- **WORK ORDER**: The copy you return must begin at the line containing "5 bedroom Detached" and end at the final line of the listing below, with every picture left out.

- **SUPPLIED MATERIAL**:
+ + + + + + +

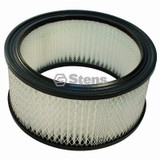 102-319 Air Filter (replace ON-Filter-140-1911) Stens Engine Parts (STE-102319)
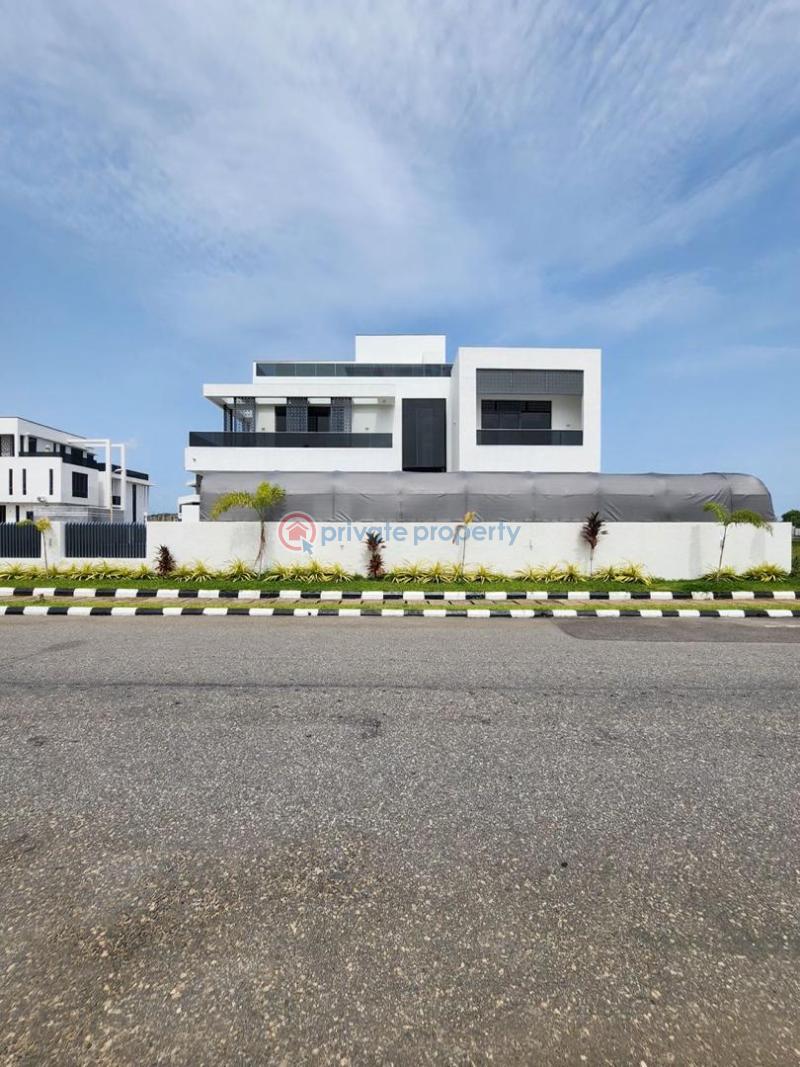 5 bedroom Detached Duplex For Sale Pinnock Beach Estate Phase 3. Lekki Lagos - 14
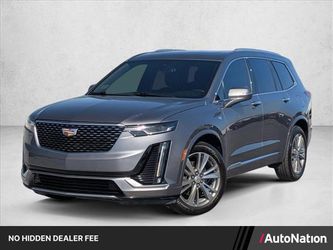 2021 Cadillac Xt6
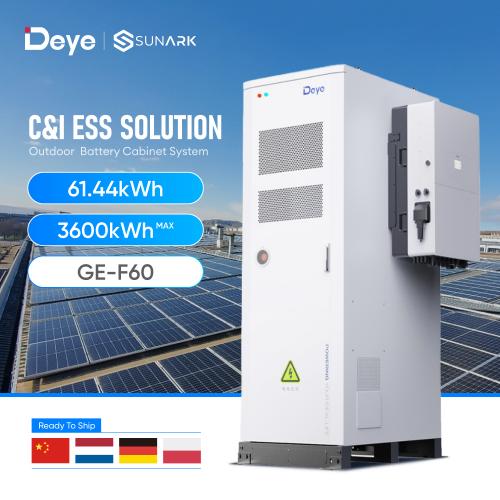 Deye Cabinet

+ + + + + + +

- **ANSWER TO THIS TASK**:
 5 bedroom Detached Duplex For Sale Pinnock Beach Estate Phase 3. Lekki Lagos - 14
 2021 Cadillac Xt6
 Deye Cabinet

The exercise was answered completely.